::: Available data :::
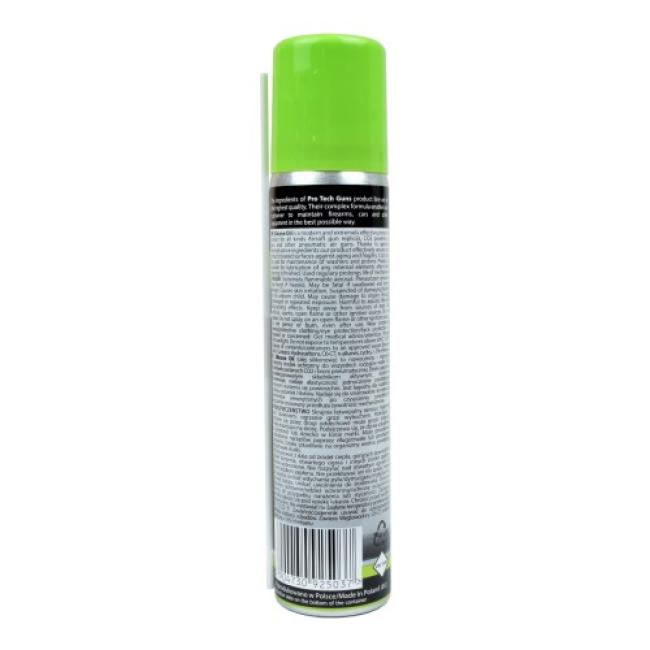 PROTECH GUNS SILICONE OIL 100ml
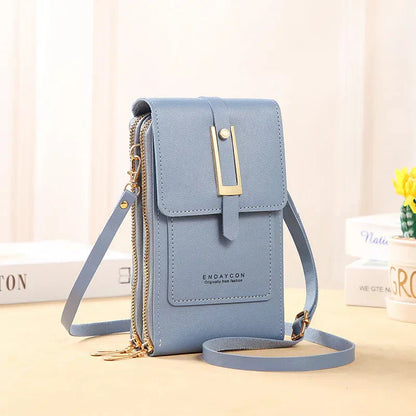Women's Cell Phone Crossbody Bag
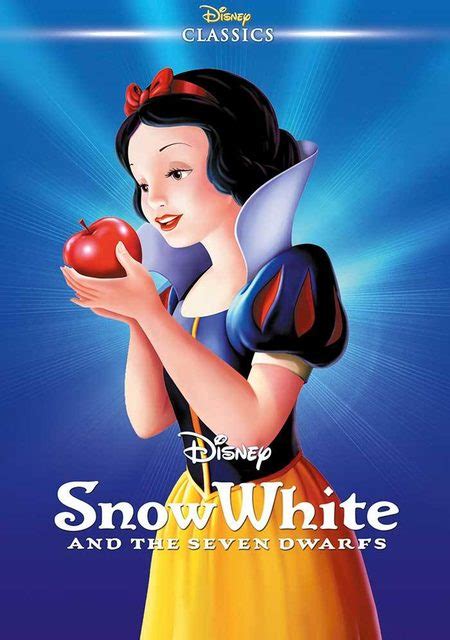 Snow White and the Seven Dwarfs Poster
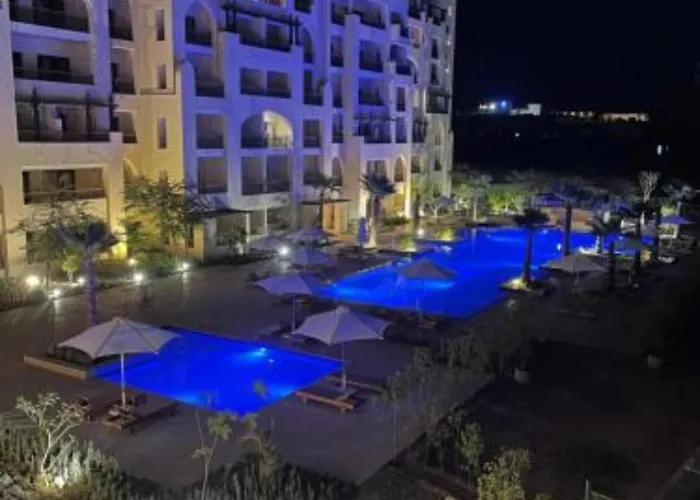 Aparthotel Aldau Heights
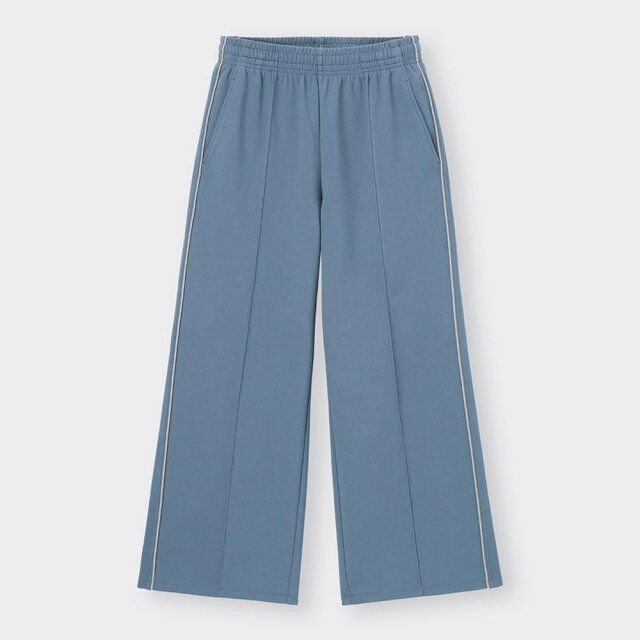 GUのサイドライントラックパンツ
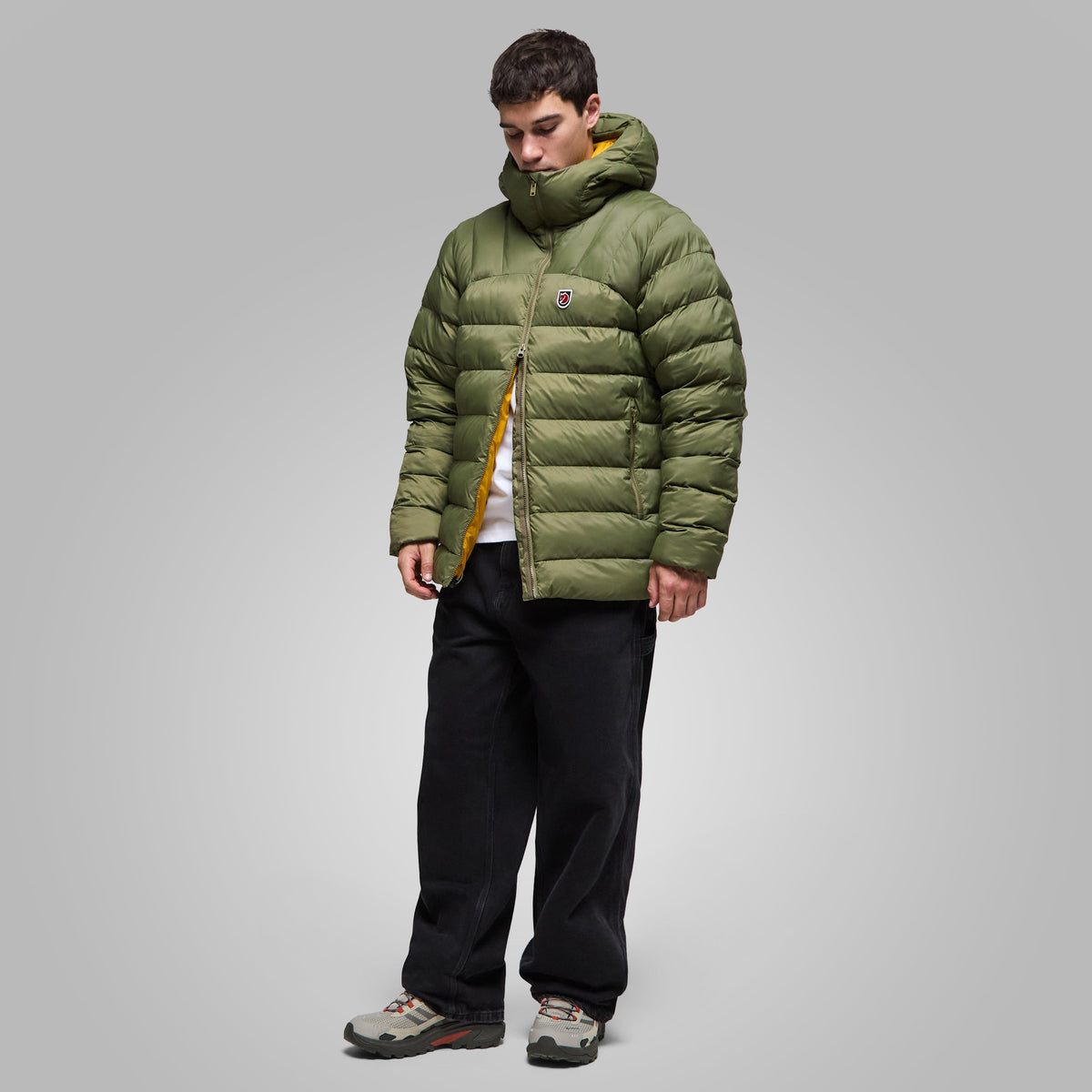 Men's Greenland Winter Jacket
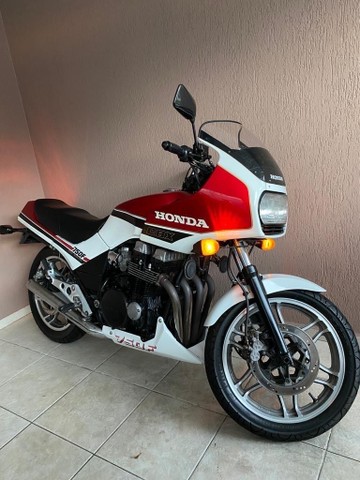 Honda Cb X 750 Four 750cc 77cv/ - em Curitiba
:::
::: Available data :::
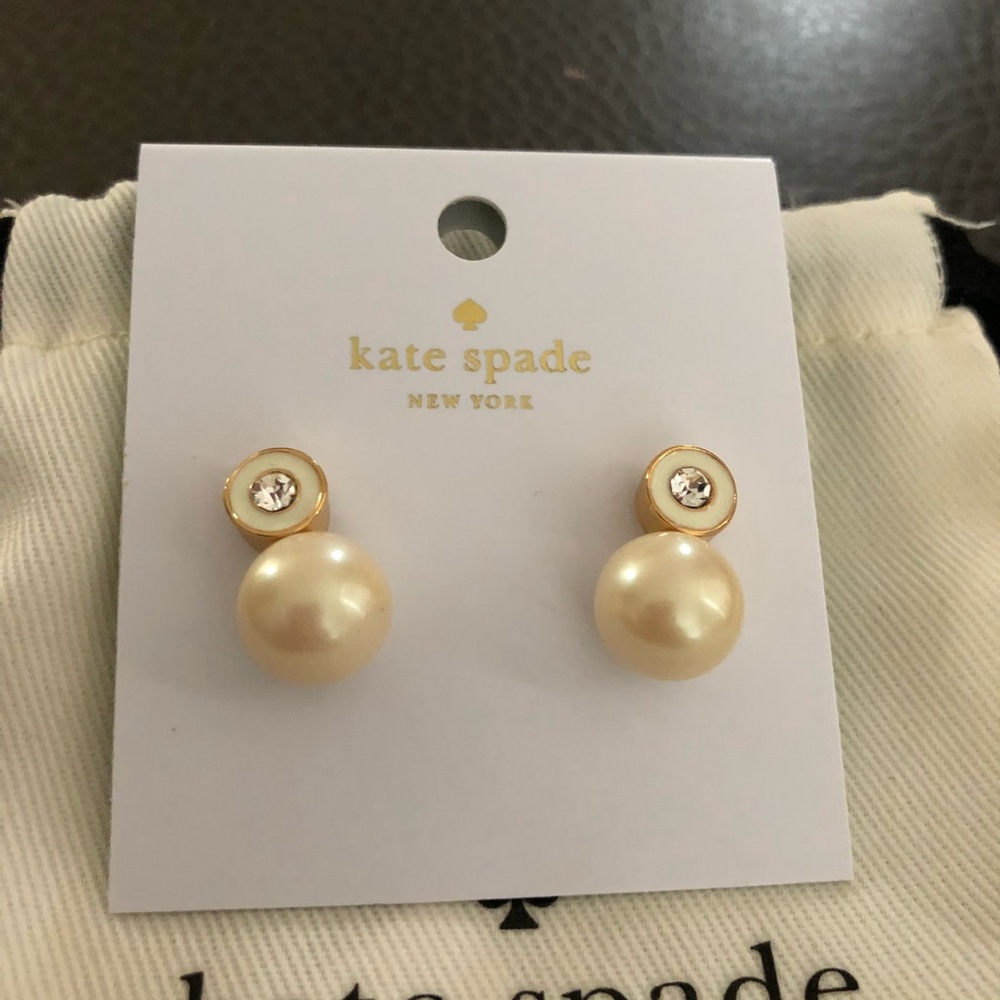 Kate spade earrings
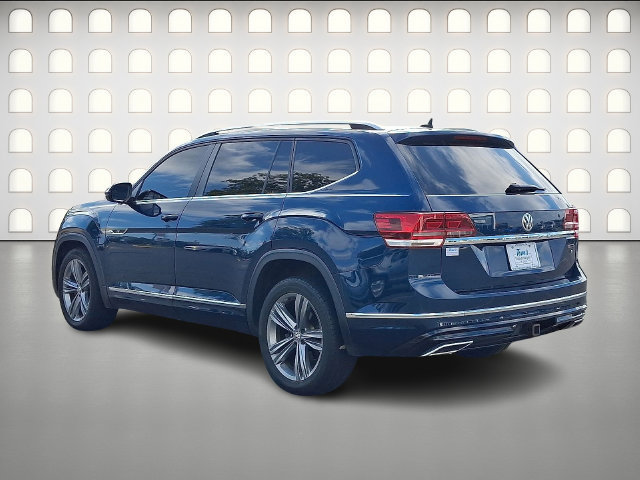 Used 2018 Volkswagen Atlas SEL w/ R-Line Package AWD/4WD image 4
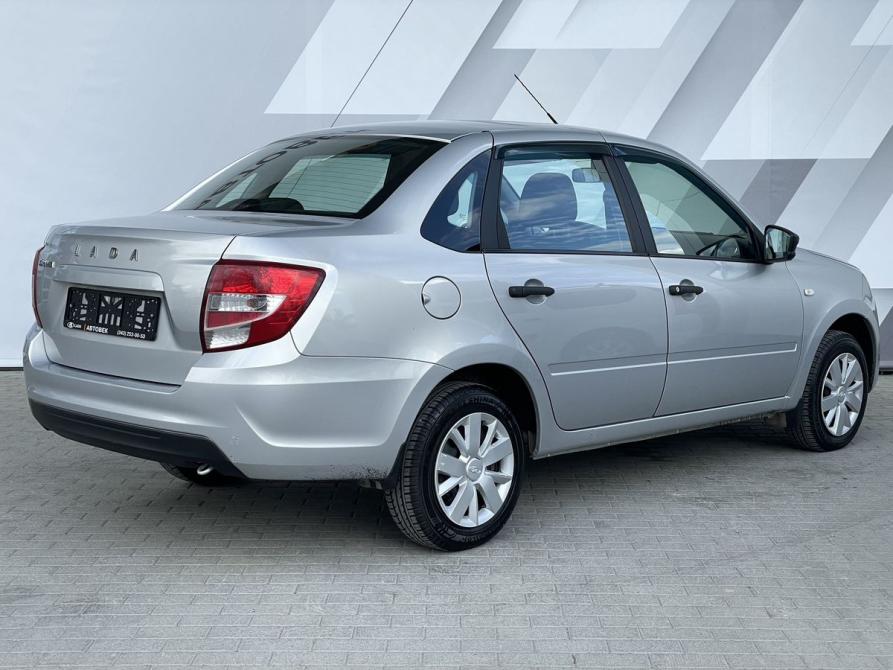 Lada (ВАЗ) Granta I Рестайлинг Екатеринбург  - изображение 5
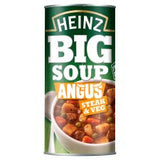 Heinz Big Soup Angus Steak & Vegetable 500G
:::
::: Available data :::
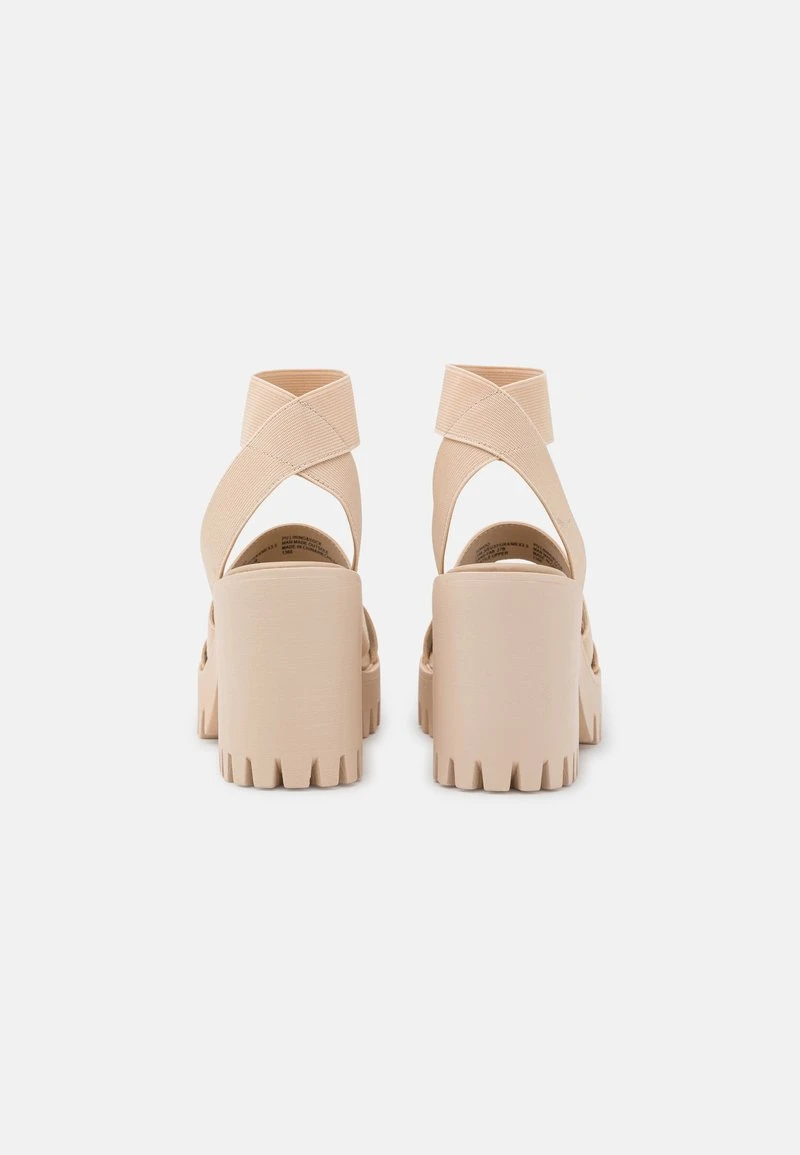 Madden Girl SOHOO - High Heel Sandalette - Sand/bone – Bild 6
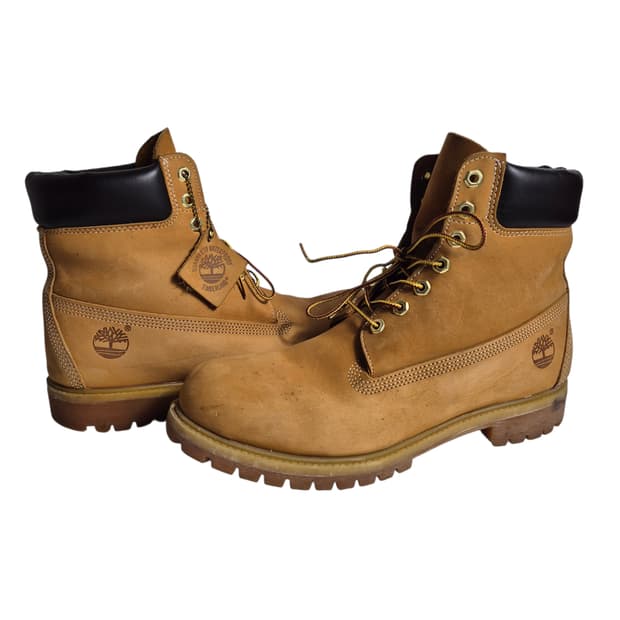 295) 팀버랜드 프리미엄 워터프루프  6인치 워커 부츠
:::
Reproduce the listing above exactly from the line containing "Lada (ВАЗ) Granta" up to and including the line containing "Heinz Big Soup Angus Steak & Vegetable 500G", omitting any images and everything outside those lines.

 Lada (ВАЗ) Granta I Рестайлинг Екатеринбург  - изображение 5
 Heinz Big Soup Angus Steak & Vegetable 500G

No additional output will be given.